A modernização é um processo e o desenvolvimento uma política. Esse modelo único levou muitos países a escolher, de um lado, a racionalização e, portanto, a separação funcional do domínio econômico, racionalizado, e a vida privada, colocando entre os dois um espaço político aberto e um mercado forte; e, de outro, um aprofundamento no anti-desenvolvimento para escapar do subdesenvolvimento, ou seja, em uma recusa ao “modelo” desenvolvimentista imposto, muitas vezes caindo no isolamento, na defesa pura e simples de identidades culturais, na contracultura (Almeida, 1993). 

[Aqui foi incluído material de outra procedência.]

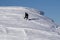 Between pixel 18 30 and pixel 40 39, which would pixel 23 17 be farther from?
pixel 40 39

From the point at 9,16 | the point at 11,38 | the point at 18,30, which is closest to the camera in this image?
the point at 11,38

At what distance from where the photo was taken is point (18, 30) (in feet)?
9.48

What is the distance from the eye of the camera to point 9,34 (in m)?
2.80

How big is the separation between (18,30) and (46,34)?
60cm

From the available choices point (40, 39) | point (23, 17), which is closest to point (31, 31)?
point (40, 39)

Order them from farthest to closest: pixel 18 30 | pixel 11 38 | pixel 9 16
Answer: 1. pixel 9 16
2. pixel 18 30
3. pixel 11 38

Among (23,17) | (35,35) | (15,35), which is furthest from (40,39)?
(23,17)

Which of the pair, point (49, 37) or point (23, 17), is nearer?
point (49, 37)

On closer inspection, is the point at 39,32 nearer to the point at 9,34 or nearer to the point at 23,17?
the point at 9,34

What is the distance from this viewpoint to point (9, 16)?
3977 mm

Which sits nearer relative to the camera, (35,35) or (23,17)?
(35,35)

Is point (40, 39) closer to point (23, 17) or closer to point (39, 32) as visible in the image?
point (39, 32)

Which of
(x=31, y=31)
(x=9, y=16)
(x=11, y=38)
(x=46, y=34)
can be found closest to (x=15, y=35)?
(x=11, y=38)

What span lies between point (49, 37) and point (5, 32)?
915mm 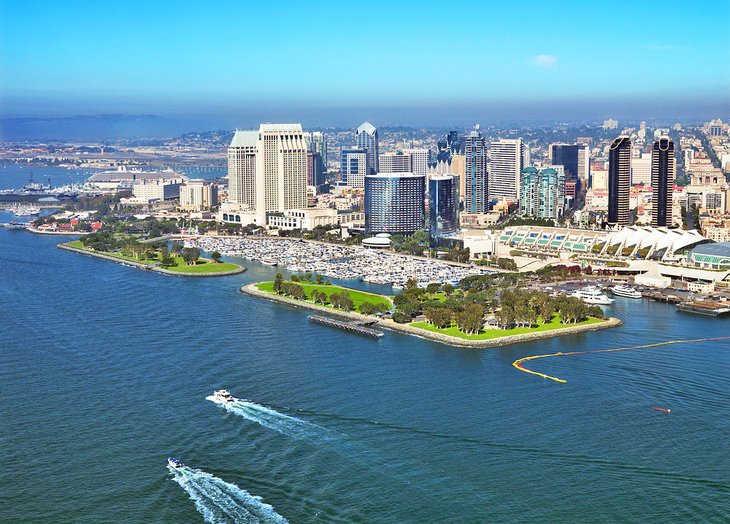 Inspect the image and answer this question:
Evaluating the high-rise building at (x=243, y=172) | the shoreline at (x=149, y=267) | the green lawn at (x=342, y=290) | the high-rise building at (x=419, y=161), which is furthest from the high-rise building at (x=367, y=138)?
the green lawn at (x=342, y=290)

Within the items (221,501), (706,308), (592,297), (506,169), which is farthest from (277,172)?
(221,501)

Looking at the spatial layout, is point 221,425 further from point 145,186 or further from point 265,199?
point 145,186

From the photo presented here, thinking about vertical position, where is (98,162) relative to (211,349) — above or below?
above

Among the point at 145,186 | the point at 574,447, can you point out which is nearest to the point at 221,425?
the point at 574,447

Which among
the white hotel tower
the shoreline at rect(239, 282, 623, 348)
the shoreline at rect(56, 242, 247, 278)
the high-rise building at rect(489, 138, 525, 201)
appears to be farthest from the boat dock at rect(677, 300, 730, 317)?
the high-rise building at rect(489, 138, 525, 201)

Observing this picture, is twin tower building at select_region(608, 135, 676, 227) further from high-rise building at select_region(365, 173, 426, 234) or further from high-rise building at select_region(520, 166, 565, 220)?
high-rise building at select_region(365, 173, 426, 234)

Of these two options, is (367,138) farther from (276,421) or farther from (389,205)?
(276,421) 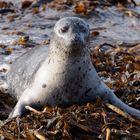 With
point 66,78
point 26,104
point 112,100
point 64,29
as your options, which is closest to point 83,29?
point 64,29

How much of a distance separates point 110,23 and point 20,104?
5636 millimetres

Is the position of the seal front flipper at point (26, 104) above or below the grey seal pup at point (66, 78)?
below

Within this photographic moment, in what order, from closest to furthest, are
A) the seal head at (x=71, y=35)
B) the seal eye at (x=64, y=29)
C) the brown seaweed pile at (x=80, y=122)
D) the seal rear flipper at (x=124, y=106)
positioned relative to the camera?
the brown seaweed pile at (x=80, y=122) → the seal head at (x=71, y=35) → the seal eye at (x=64, y=29) → the seal rear flipper at (x=124, y=106)

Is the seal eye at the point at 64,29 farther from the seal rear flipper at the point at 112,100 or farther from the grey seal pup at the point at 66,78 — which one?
the seal rear flipper at the point at 112,100

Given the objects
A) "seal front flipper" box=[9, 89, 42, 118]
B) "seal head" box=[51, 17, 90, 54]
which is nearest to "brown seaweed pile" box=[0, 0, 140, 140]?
"seal front flipper" box=[9, 89, 42, 118]

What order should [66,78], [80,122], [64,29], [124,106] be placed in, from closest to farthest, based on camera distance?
1. [80,122]
2. [64,29]
3. [66,78]
4. [124,106]

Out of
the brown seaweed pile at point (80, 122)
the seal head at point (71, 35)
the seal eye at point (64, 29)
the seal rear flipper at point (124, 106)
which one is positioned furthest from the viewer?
the seal rear flipper at point (124, 106)

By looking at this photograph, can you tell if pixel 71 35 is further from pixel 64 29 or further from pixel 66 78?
pixel 66 78

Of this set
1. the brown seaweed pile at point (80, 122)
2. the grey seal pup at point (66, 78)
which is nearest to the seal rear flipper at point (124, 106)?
the grey seal pup at point (66, 78)

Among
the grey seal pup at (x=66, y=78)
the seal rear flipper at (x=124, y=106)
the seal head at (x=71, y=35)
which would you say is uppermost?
the seal head at (x=71, y=35)

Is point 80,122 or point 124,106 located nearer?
point 80,122

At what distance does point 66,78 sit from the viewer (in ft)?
17.6

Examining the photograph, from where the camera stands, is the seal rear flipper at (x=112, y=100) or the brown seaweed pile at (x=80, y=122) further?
the seal rear flipper at (x=112, y=100)

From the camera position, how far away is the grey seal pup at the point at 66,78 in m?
5.17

  • A idéia de desenvolvimento induz ao conhecimento de vias sinuosas e múltiplas da modernidade. Não existiriam outras maneiras de defender a razão sem se opor à tradição? Não seria também com o passado que se construiria o futuro, antes mesmo de se fazer tábula rasa das aquisições devidas às culturas e tradições? E em relação ao meio ambiente e recursos naturais não renováveis, não se poderia assumir uma outra postura, mais conservacionista-preservacionista, induzindo a um desenvolvimento e à exploração de uma agricultura mais sustentáveis? 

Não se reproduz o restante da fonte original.